■ **MATERIAL SHOWN**
++++++++++++++++++++

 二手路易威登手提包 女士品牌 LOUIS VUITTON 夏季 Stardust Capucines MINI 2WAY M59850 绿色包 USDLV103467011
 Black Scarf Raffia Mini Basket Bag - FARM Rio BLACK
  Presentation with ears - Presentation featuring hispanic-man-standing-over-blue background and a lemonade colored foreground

++++++++++++++++++++

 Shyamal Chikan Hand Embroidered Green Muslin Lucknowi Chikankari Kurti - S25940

++++++++++++++++++++

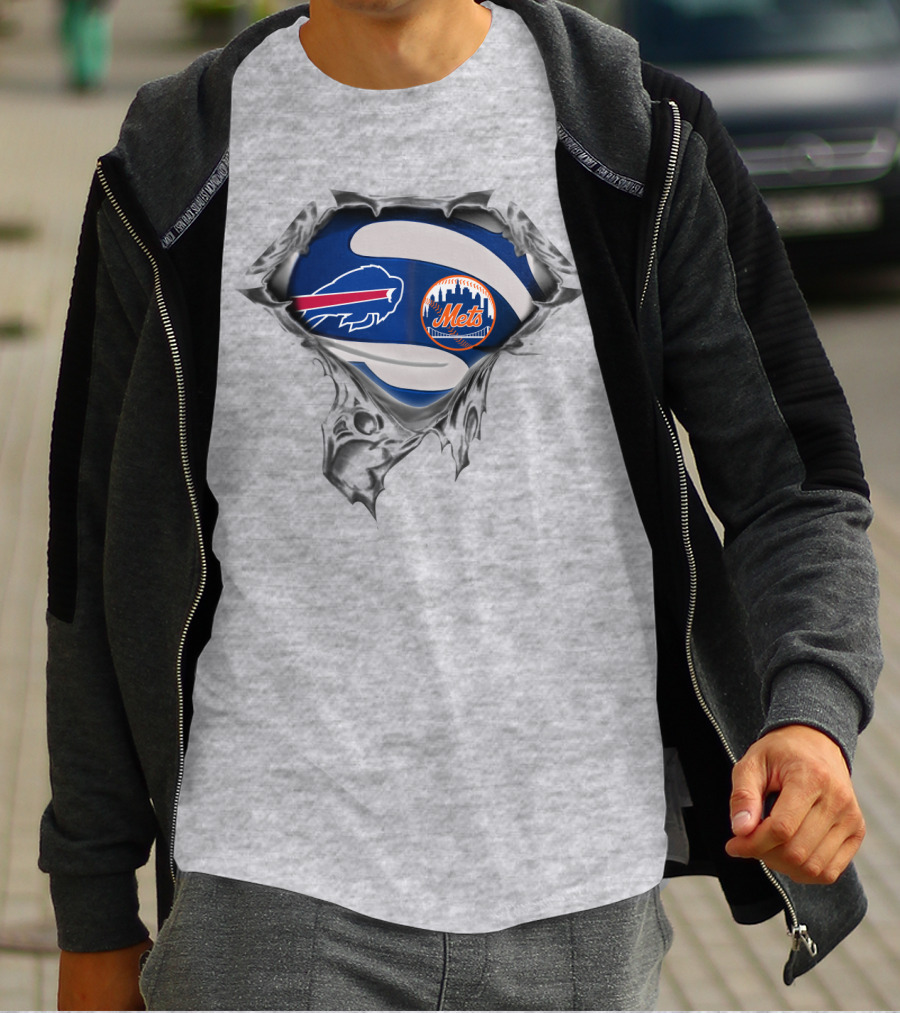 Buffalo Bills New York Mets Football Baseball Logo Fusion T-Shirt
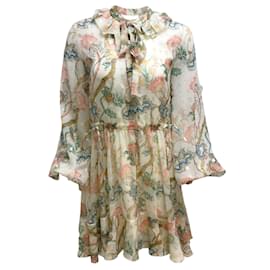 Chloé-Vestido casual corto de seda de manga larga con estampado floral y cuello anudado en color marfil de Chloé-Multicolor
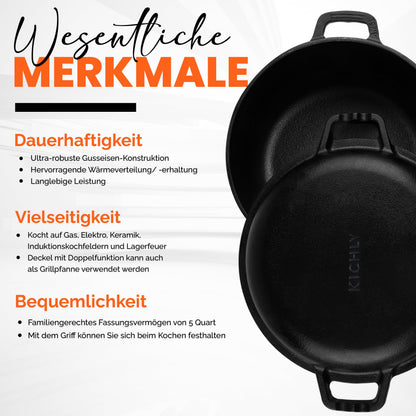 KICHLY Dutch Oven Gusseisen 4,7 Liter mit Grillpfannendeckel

++++++++++++++++++++

■ **TRY IT**
Look above for the line containing "Chloé-Vestido casual corto" and the line containing "KICHLY Dutch Oven", then reproduce both and everything between them exactly, pictures omitted.

■ **REPLY**
 Chloé-Vestido casual corto de seda de manga larga con estampado floral y cuello anudado en color marfil de Chloé-Multicolor
 KICHLY Dutch Oven Gusseisen 4,7 Liter mit Grillpfannendeckel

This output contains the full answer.